▶ _Your instructions_: Skip the pictures and write out, word for word, the lines below from the one with "3704 Castle Rock Dr - Photo 4 of 5" through the one with "Imagen 3 de", inclusive.

*** Material for this exercise ***

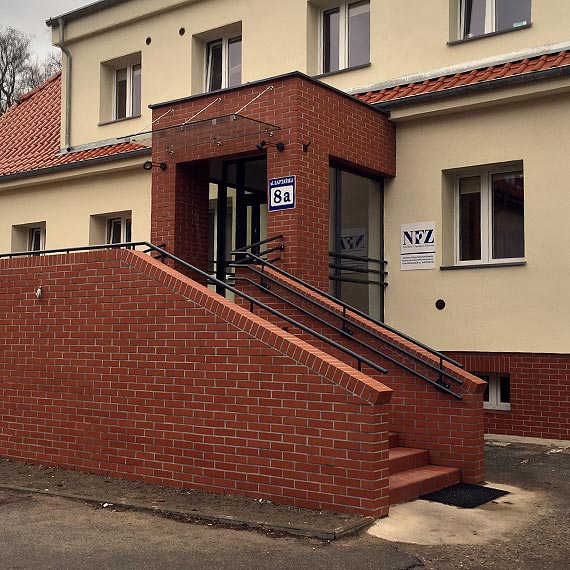Czytelnik: W recepcji nie byo sycha dzwonicego aparatu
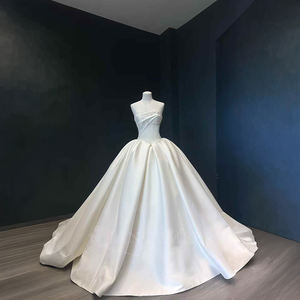 Robe de mariée sirène/trompette moderne en satin avec dentelle florale et cristaux pour femme, modèle NT77 - Product Image 1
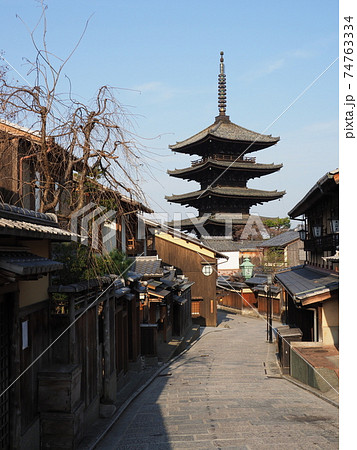 京都　冬の八坂の塔 74763334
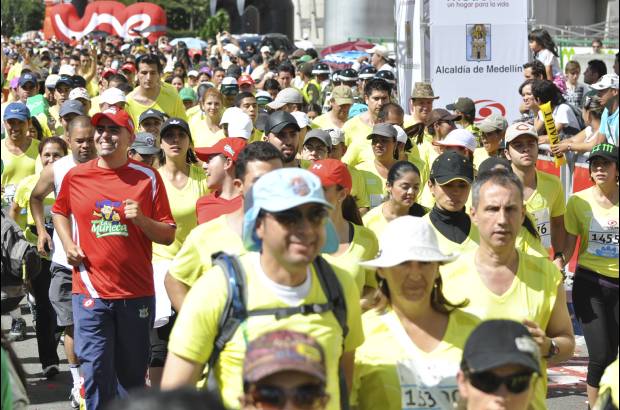 Esteban Jaramillo y Sebastián Salazar - Más de 10 mil competidores se dieron cita en esta histórica cita deportiva que se corría en las modalidades de 5, 10, 21 y 42 kilómetros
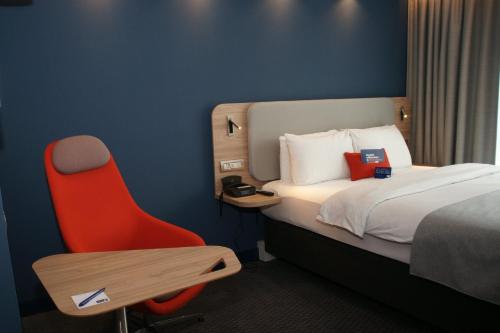 Habitación Estándar con desayuno gratuito del hotel Holiday Inn Express Zurich Airport by IHG. Foto 3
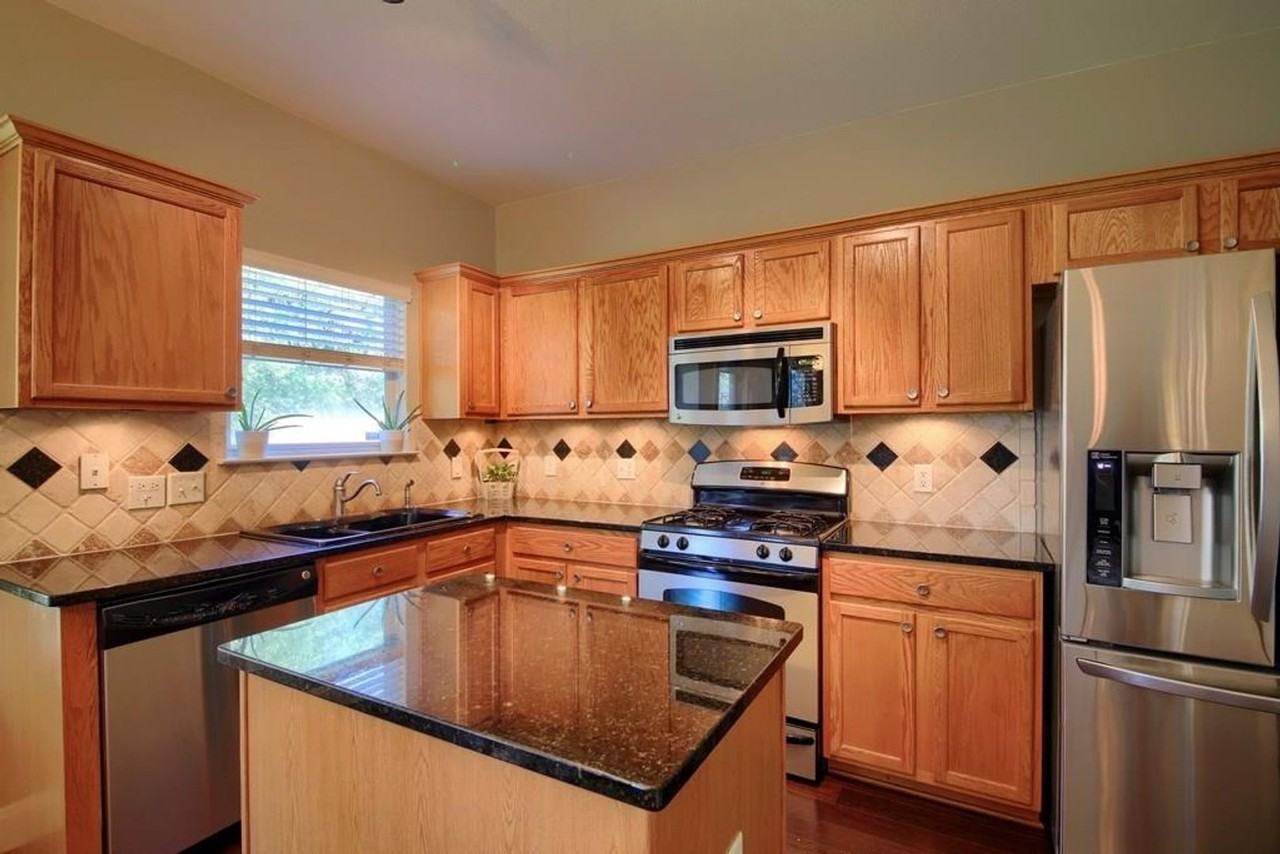 3704 Castle Rock Dr - Photo 4 of 5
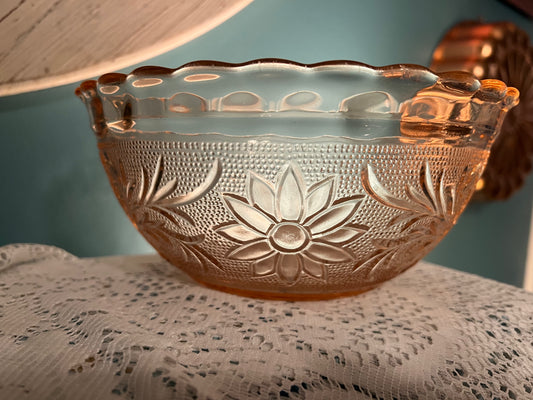Vintage Anchor Hocking Sandwich Pink Depression Glass scalloped bowl, 8-inch collectible
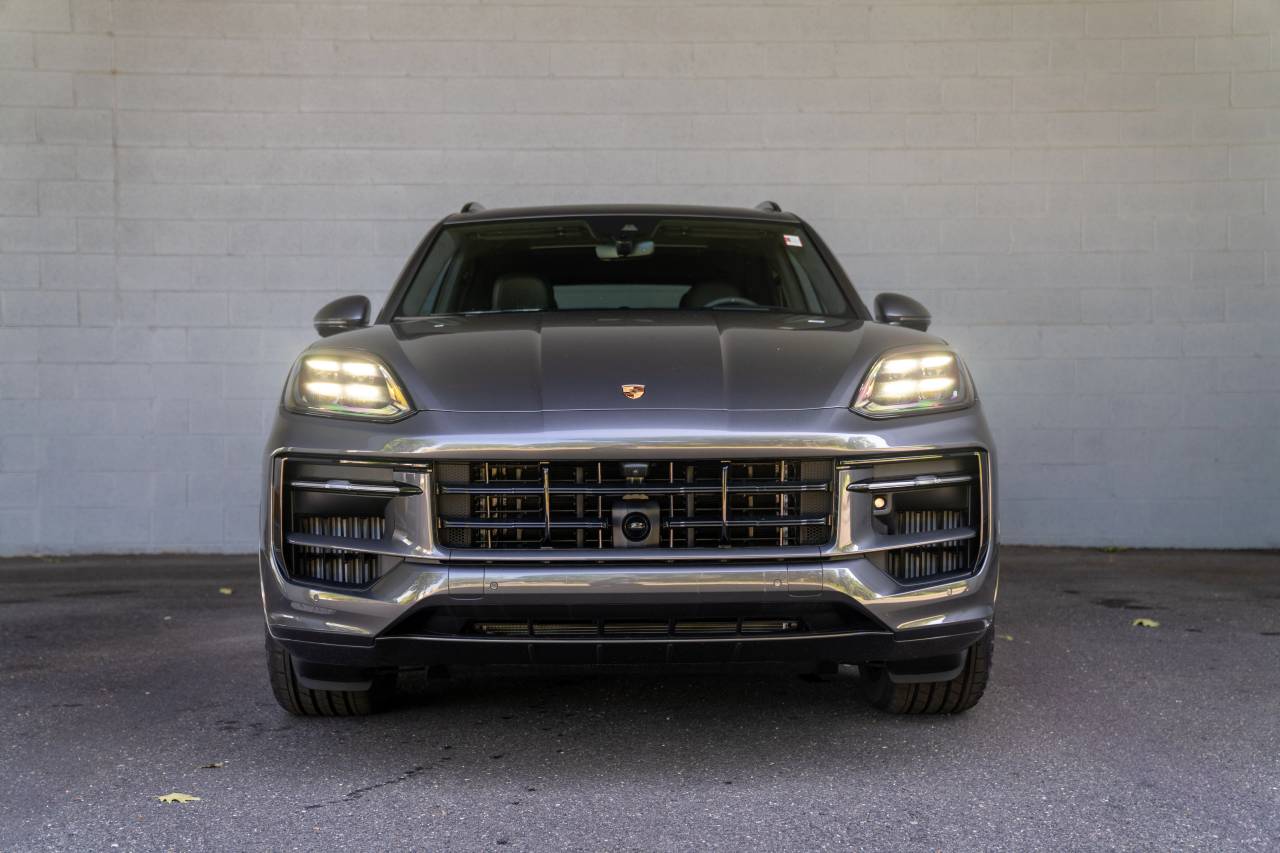 2025 Porsche Cayenne GTS photo 12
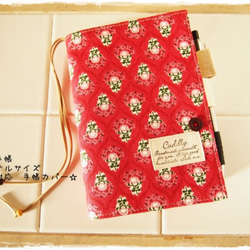 ほぼ日手帳カバー*オリジナルサイズ　RED　赤小花　小紋柄ｘタグ　北欧風 1枚目の画像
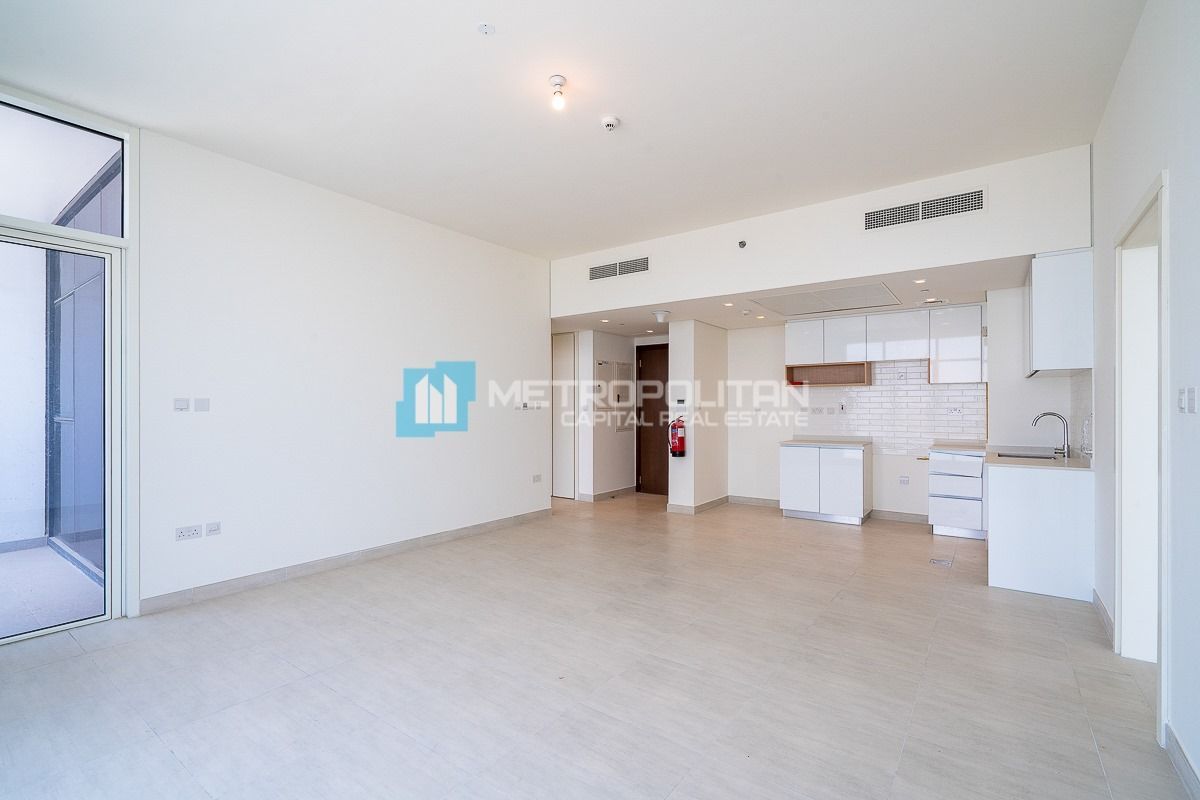 High Floor 2BR | Partial Sea View | Great Location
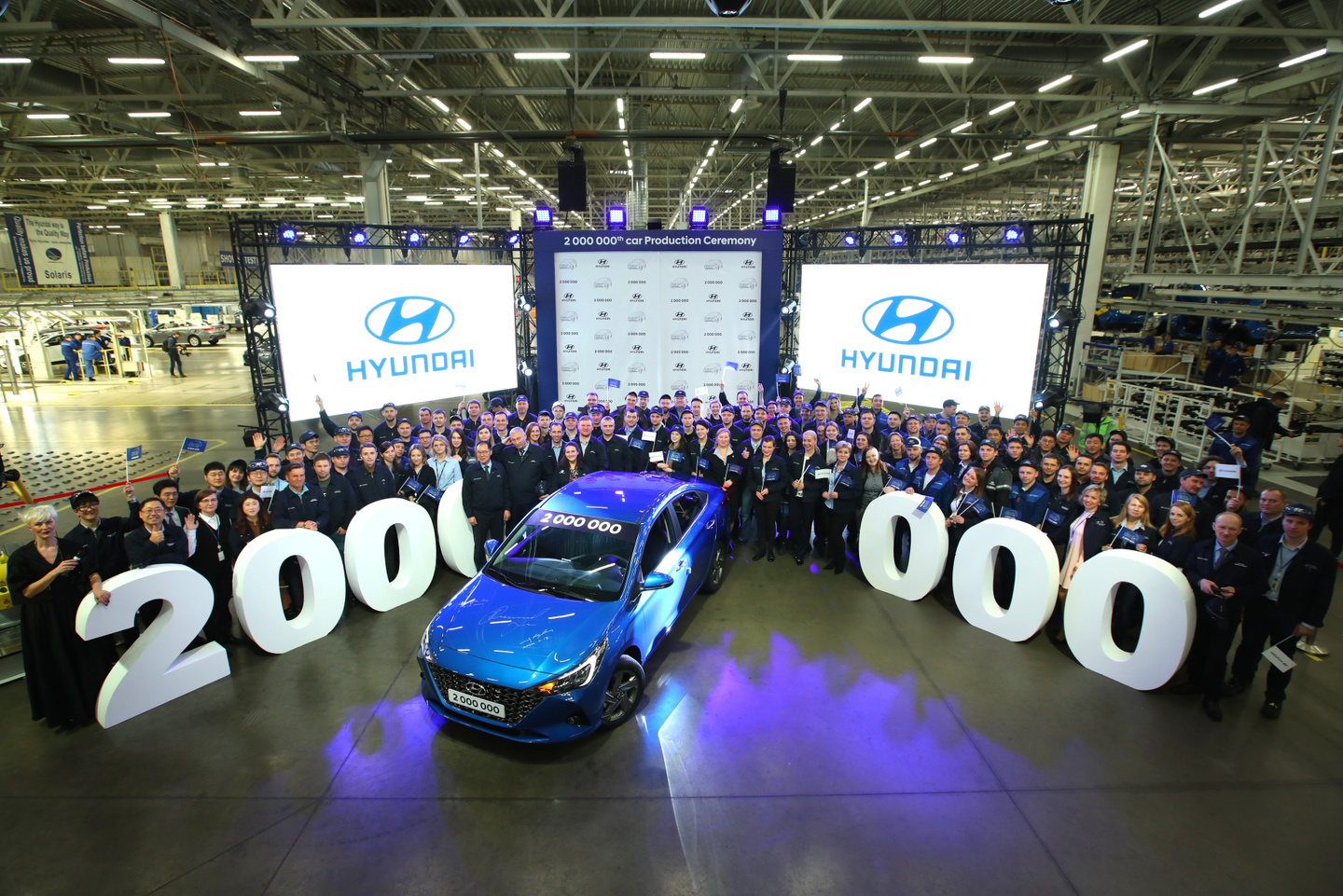 Первый обновленный Solaris — двухмиллионый автомобиль петербургского завода Hyundai Первый обновленный Solaris — двухмиллионый автомобиль петербургского завода Hyundai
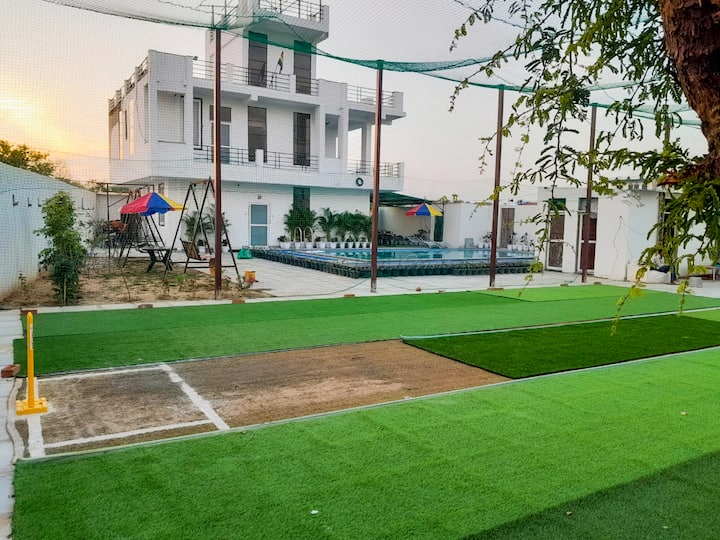 Bm Resort And Homestay
(Relax, Refresh, Reconnect) - Jaipur
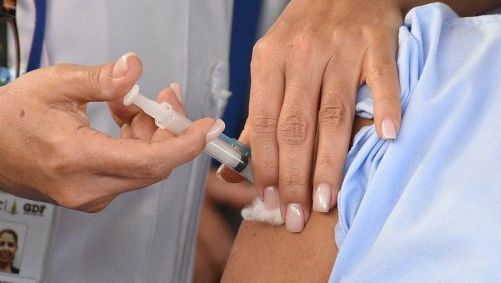 Desde março de 2020, o Brasil já registrou cerca de 710 mil óbitos pela doença e 38 milhões de casos.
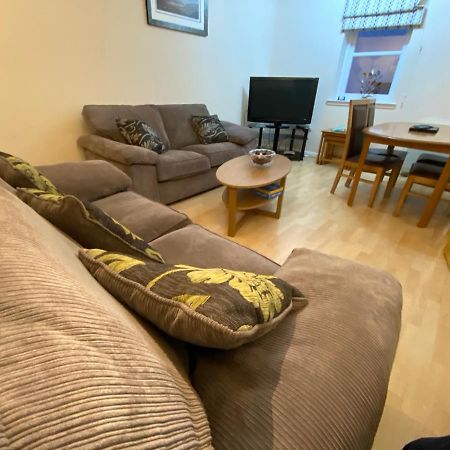 4 Varis Apartments Forres Luaran gambar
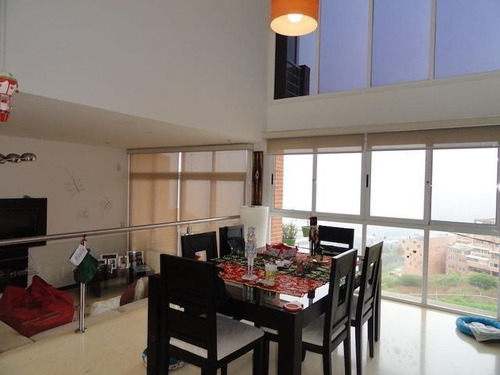 Imagen 3 de 12 de Casa En Venta Urb. Loma Linda # 20-10673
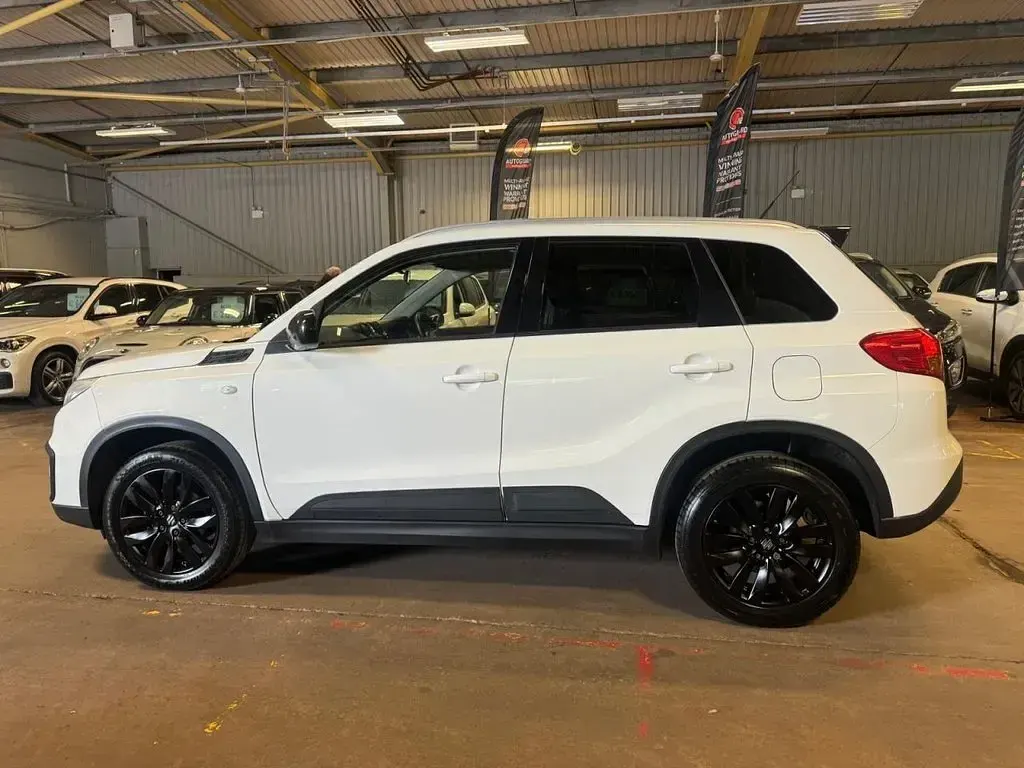 Used Suzuki Vitara SZ-T 120 HP (88 kW) 2017 White SUV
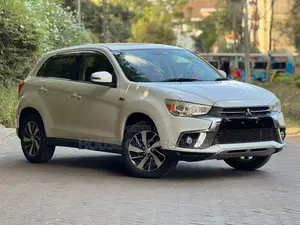 Mitsubishi RVR 2019 Pearl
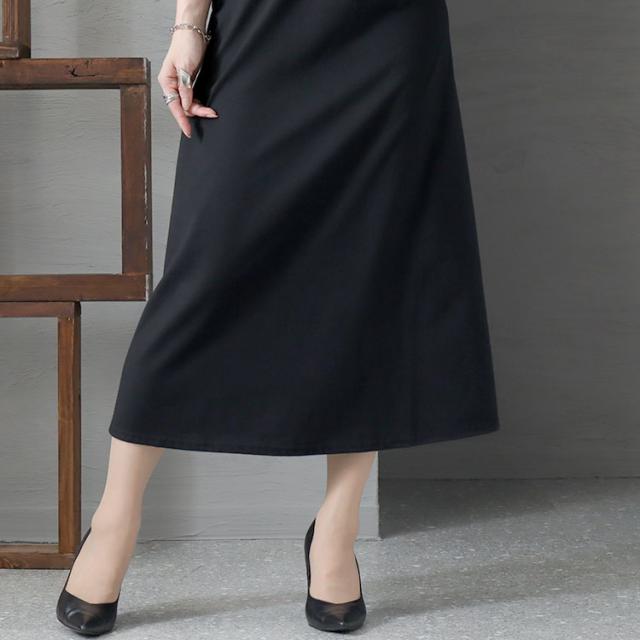 デコルテ胸ちょい空きデザインワンピース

*** End of Material for this exercise ***

▶ _Result below_:
 3704 Castle Rock Dr - Photo 4 of 5
Vintage Anchor Hocking Sandwich Pink Depression Glass scalloped bowl, 8-inch collectible
 2025 Porsche Cayenne GTS photo 12
 ほぼ日手帳カバー*オリジナルサイズ　RED　赤小花　小紋柄ｘタグ　北欧風 1枚目の画像
 High Floor 2BR | Partial Sea View | Great Location
 Первый обновленный Solaris — двухмиллионый автомобиль петербургского завода Hyundai Первый обновленный Solaris — двухмиллионый автомобиль петербургского завода Hyundai
 Bm Resort And Homestay
(Relax, Refresh, Reconnect) - Jaipur
 Desde março de 2020, o Brasil já registrou cerca de 710 mil óbitos pela doença e 38 milhões de casos.
 4 Varis Apartments Forres Luaran gambar
 Imagen 3 de 12 de Casa En Venta Urb. Loma Linda # 20-10673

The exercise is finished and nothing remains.